PROBLEM TO WORK ON. Tell how many lines in the data below include the word "Strap". The answer is the number only.

MATERIAL FOR THIS EXERCISE.
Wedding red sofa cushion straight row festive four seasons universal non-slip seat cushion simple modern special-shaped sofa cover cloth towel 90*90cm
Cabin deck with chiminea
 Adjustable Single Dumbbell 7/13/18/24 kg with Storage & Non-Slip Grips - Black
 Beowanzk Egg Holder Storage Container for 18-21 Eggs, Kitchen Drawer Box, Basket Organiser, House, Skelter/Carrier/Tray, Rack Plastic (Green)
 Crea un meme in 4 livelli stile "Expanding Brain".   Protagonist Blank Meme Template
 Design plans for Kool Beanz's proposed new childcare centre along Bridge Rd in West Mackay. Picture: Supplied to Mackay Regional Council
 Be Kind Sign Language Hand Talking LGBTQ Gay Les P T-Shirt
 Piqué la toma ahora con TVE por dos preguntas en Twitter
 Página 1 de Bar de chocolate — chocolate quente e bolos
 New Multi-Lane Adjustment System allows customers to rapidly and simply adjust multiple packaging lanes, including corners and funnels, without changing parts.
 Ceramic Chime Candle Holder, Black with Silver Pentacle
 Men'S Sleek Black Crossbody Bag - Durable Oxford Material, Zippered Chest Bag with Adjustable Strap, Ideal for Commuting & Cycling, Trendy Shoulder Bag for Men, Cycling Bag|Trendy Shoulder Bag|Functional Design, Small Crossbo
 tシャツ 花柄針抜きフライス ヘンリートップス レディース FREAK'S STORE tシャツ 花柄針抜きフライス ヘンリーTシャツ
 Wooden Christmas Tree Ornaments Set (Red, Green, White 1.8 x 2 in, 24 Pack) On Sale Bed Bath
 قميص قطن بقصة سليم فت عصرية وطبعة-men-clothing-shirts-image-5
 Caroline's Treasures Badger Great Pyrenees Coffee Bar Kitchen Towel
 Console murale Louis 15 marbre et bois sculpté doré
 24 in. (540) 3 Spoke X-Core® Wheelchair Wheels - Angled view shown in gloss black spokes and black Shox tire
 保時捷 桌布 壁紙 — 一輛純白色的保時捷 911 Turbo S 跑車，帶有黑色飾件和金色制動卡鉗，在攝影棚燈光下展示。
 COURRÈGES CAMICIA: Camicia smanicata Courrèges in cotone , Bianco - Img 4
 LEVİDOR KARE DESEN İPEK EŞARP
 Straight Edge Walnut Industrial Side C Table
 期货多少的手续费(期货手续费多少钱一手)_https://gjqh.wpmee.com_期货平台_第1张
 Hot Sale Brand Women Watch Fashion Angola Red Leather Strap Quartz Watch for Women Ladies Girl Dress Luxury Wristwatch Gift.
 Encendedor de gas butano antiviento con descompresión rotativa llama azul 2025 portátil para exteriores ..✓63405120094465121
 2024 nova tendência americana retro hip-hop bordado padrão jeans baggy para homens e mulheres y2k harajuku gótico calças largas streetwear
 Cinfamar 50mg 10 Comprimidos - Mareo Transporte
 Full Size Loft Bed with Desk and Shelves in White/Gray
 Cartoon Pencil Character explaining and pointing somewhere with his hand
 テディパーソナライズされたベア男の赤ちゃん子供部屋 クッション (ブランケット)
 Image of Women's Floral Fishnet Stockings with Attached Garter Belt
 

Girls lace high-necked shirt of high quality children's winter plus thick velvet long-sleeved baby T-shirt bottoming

WORKED SOLUTION. 2